The head of Egypt's Supreme Council of Antiquities, Zahi Hawass, wrapped up a two-day conference in Cairo for nations seeking the return of their valuable antiquities and artifacts. Hawass has made it his mission to track down Egyptian antiquities he believes were wrongly removed from Egypt and to bring them home.
While in Washington last month, Hawass beamed with pride when he accepted the return of an apparently smuggled ancient Egyptian coffin that a U.S. customs agent had intercepted at Miami airport.
"People can think that the best moment in the life of an archaeologist is actually to discover something," Hawass said. "But for me, the best thing is to return something to Egypt."
If that is the case, Hawass has experienced many best moments. By his count, he has overseen the return of 31,000 objects since 2002. Such artifacts are intercepted as they are illicitly smuggled across borders; some are identified as they are readied for the auction block; some are retrieved from the halls and walls of world-renowned museums.
Last year, France repatriated the last of five 3,000-year-old stolen Egyptian relics that ended up in the French Louvre museum. They were removed from a wall painting of an ancient Egyptian tomb in the 1980s.
To Hawass, each return is a victory, not just for Egypt, but for all mankind.
"This is not our heritage," he said. "It is the heritage of the human being all over the world."
Ironically, that is the same argument made by those in the art world who oppose the idea of taking artifacts out of international museums and returning them to their places of origin.
"We all own antiquity or have responsibility for stewarding the past into the future," said Art Institute of Chicago Director James Cuno, author of the book "Who Owns Antiquity?”
Cuno agrees with Hawass that antiquity belongs to all human kind.
"This is a joint responsibility. It is not the responsibility of a single nation state," said Cuno.
Egypt is not alone in this pursuit of artifacts; from Nigeria to Greece to Peru, nations are demanding the repatriation of cultural works.
But that is not simple, says lawyer Tess Davis, the assistant director of Heritage Watch and executive director of the Lawyers' Committee for Cultural Heritage Preservation.
"You have a museum that says, 'I purchased this. I paid good money for this. I am the rightful owner.' You have a country that says, 'this antiquity, this piece of art, this comes from our country. We are the rightful owner,'" explained Davis.

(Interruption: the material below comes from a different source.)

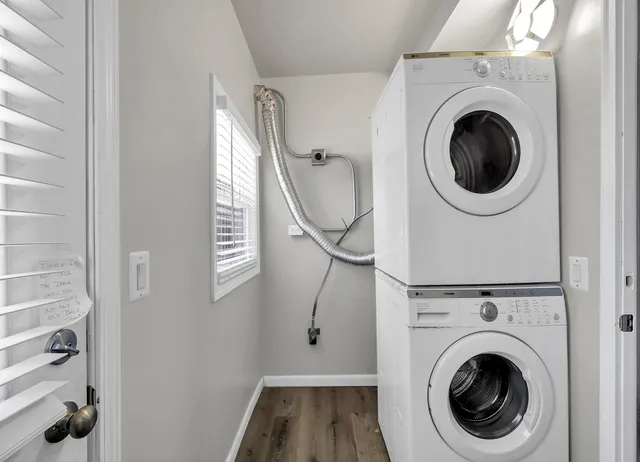 a view of a hallway with washer and dryer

Take the case of the Parthenon Sculptures, more commonly known as the Elgin Marbles. The elaborate marble carvings adorned the Parthenon temple in Athens for more than 2,000 years.
By 1800, the Parthenon was in a state of ruin. Around that time, Britain's Ambassador to the Ottoman Empire, Thomas Bruce, the Earl of Elgin, asked Athen's Ottoman occupiers for permission to take some of the sculptures.
They have been displayed at the British Museum in London for nearly 200 years. Last year, more than five million people visited the international museum. But the Greek government wants the marbles to be reunited with other Parthenon Sculptures at a new Acropolis museum in Athens.
Davis acknowledges it is a tricky issue.
"I think, morally, a lot of people would think the Elgin Marbles are the property of Greece, but legally, most people agree that they are the property of England," Davis explained.
Cuno argues there is really no basis to decide if a nation has a compelling moral case. He says decisions about repatriation should come down to whether a law has been broken.
"Otherwise it is a matter of going back and rewriting history," he contended.
Cuno points out modern-day Greece was not formed until decades after the sculptures were removed. He says the present focus on Athenian culture is at the expense of other cultures that hold ties to Greek history.
"That forces us to look upon the past in ways that are not true to the past," he said. "It is putting territorialized identities on the past when the past did not have those identities."
Cuno says there is an added value in seeing works of shared cultural heritage in an international museum, where the viewer can understand the world is diverse and has forever been in contact with itself.
"When you are at a museum like the British Museum and you are looking at the Parthenon marbles, you can recall from neighboring galleries the visual effect of Egyptian sculpture or of subsequent Roman sculpture or of contemporaneous Chinese sculpture," he explained.
Davis says there is a difference between theory and practice when it comes to this idea of the so-called "universal museum."
"If we are ever going to make that idea true, then we need to make sure someone in Phnom Penh, Cambodia, can go into a museum and see examples of American and French and Japanese art, which is not the case," underscored Davis. "It has been a very one-sided path up to now."
Davis and Cuno agree that loans of artifacts and antiquities are a prime way for people throughout the world, and not just those in Western capitals, to enjoy and be inspired by the cultural works.
And for those who fear that by returning one iconic item museums could open themselves up to forfeiting their antiquities collections, Davis points out New York's Metropolitan Museum of Art has repatriated objects, and its 600,000 square-meter building remains full of priceless treasures.